Work instruction:
Make an exact copy of the lines from the one containing "1Set 26Pcs Kinderen" through the end of the records below, and leave out every picture.

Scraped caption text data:
----------------

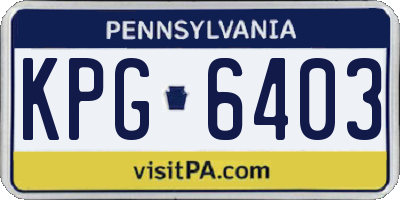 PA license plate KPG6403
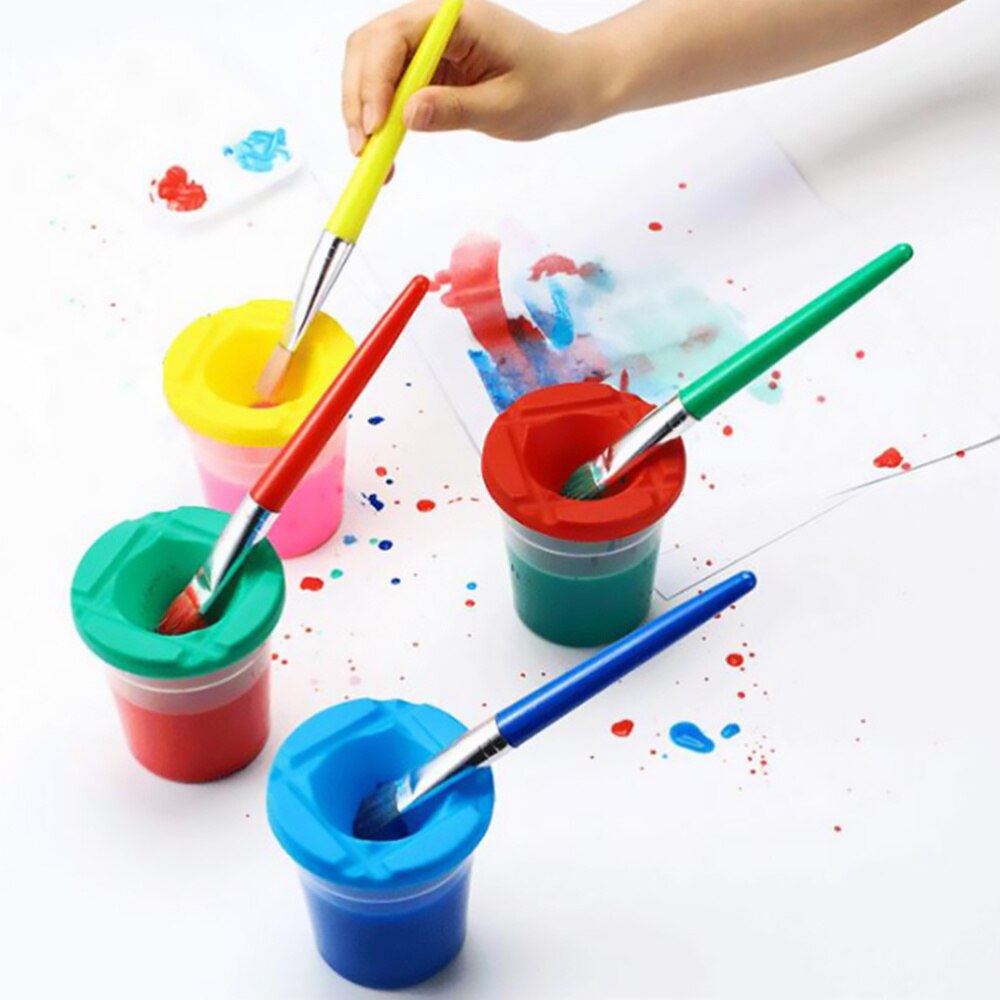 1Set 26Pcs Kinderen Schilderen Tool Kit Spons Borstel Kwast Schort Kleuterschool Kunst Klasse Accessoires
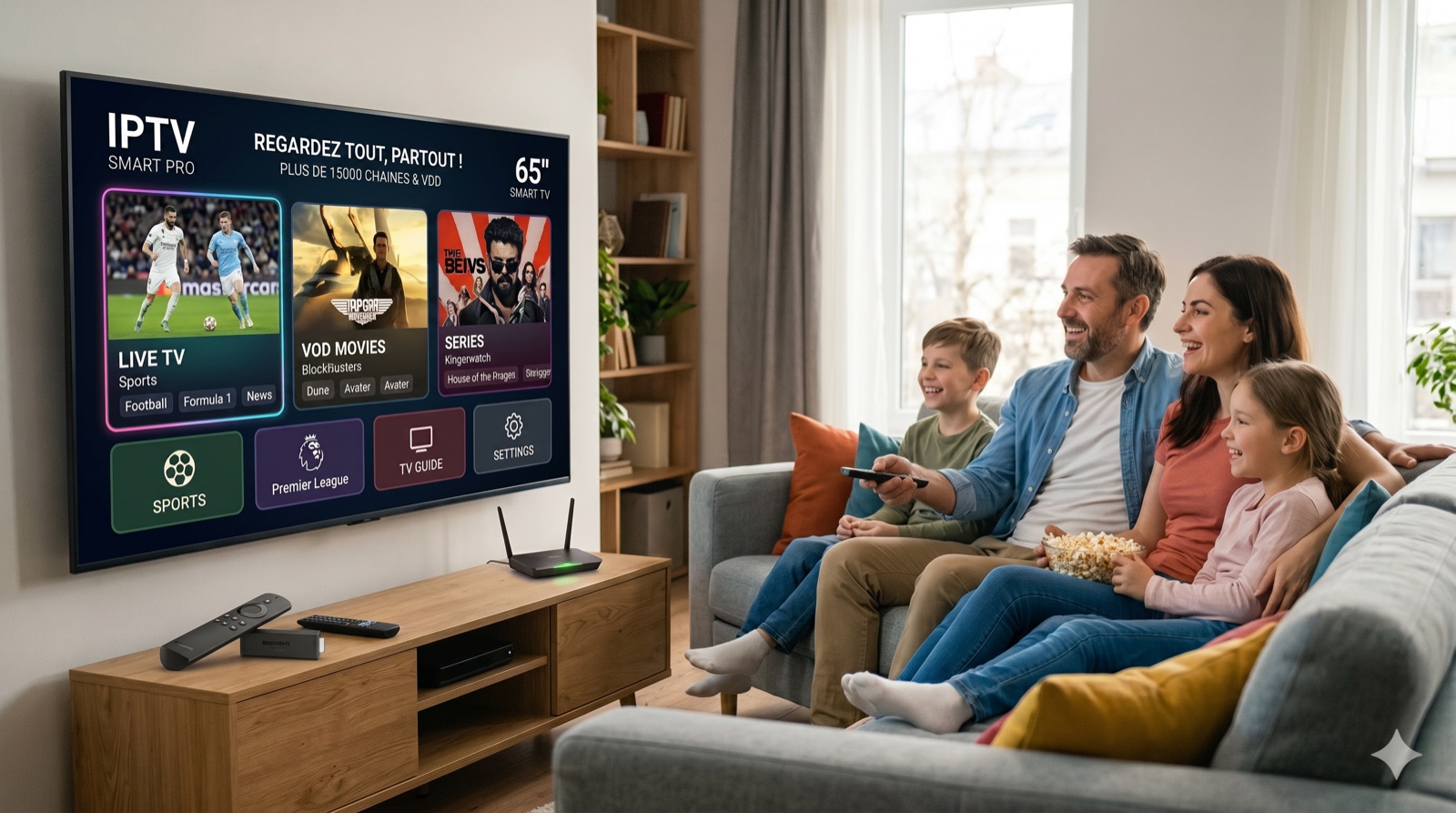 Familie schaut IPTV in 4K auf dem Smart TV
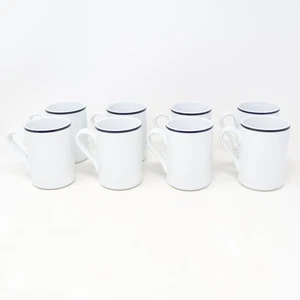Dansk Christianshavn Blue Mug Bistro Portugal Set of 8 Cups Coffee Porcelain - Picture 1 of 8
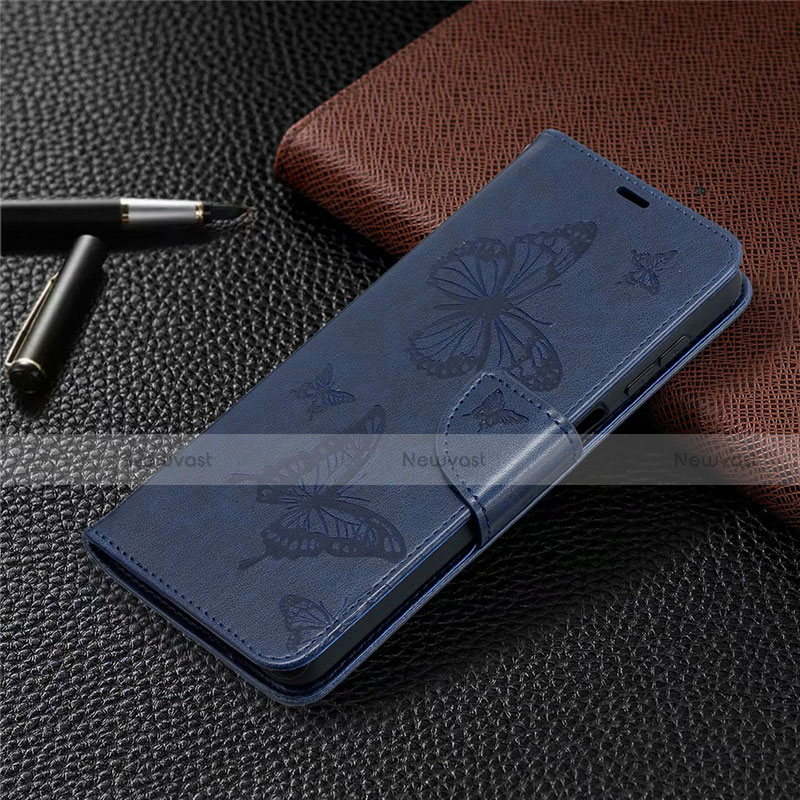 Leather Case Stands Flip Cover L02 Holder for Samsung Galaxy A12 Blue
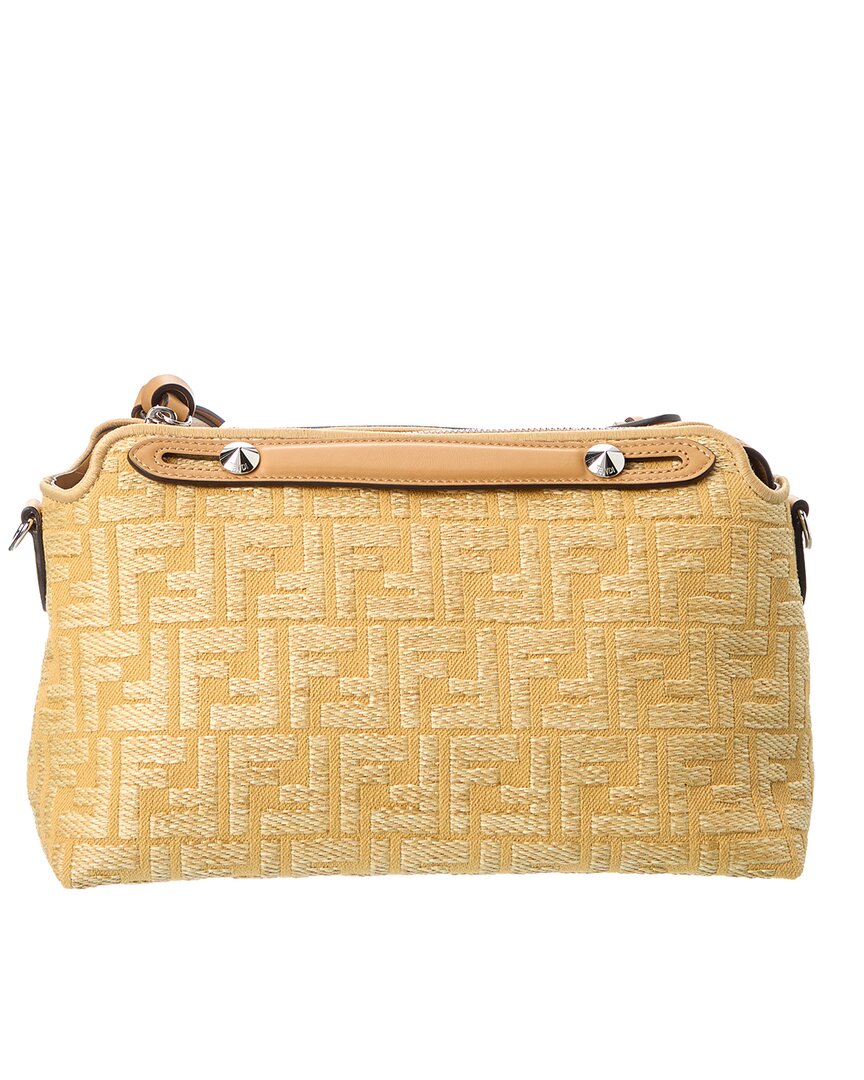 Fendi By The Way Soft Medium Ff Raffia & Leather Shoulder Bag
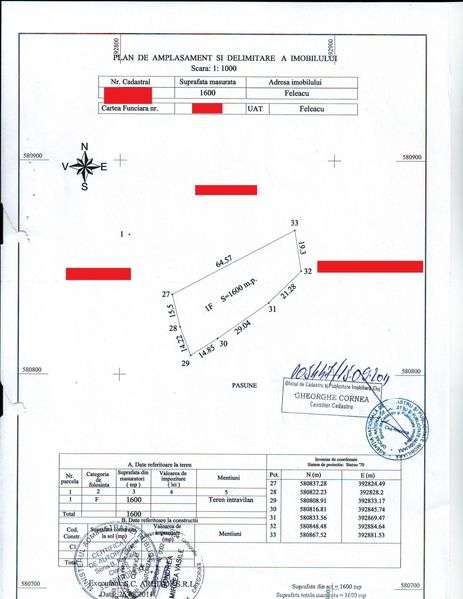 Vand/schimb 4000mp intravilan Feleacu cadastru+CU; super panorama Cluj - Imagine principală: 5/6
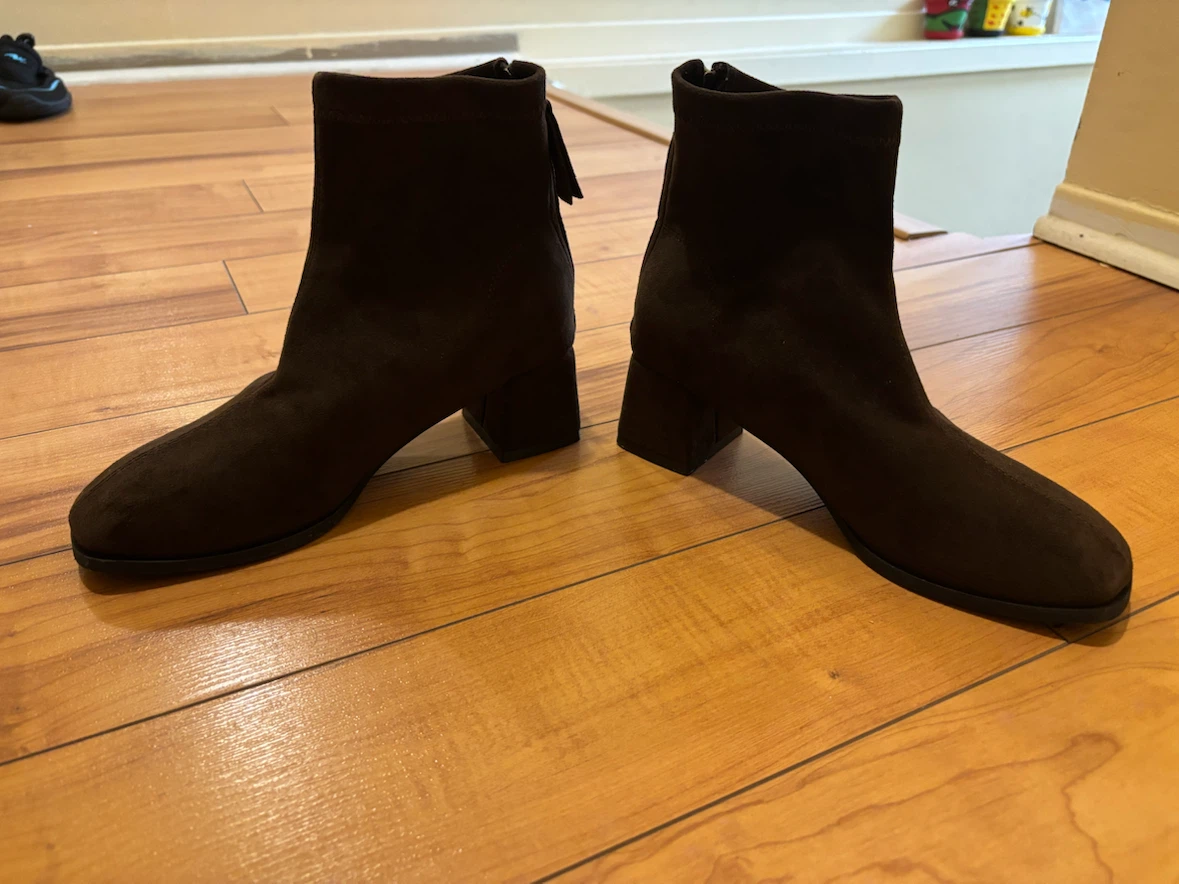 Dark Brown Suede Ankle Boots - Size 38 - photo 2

----------------

Expected answer:
 1Set 26Pcs Kinderen Schilderen Tool Kit Spons Borstel Kwast Schort Kleuterschool Kunst Klasse Accessoires
 Familie schaut IPTV in 4K auf dem Smart TV
Dansk Christianshavn Blue Mug Bistro Portugal Set of 8 Cups Coffee Porcelain - Picture 1 of 8
 Leather Case Stands Flip Cover L02 Holder for Samsung Galaxy A12 Blue
 Fendi By The Way Soft Medium Ff Raffia & Leather Shoulder Bag
 Vand/schimb 4000mp intravilan Feleacu cadastru+CU; super panorama Cluj - Imagine principală: 5/6
 Dark Brown Suede Ankle Boots - Size 38 - photo 2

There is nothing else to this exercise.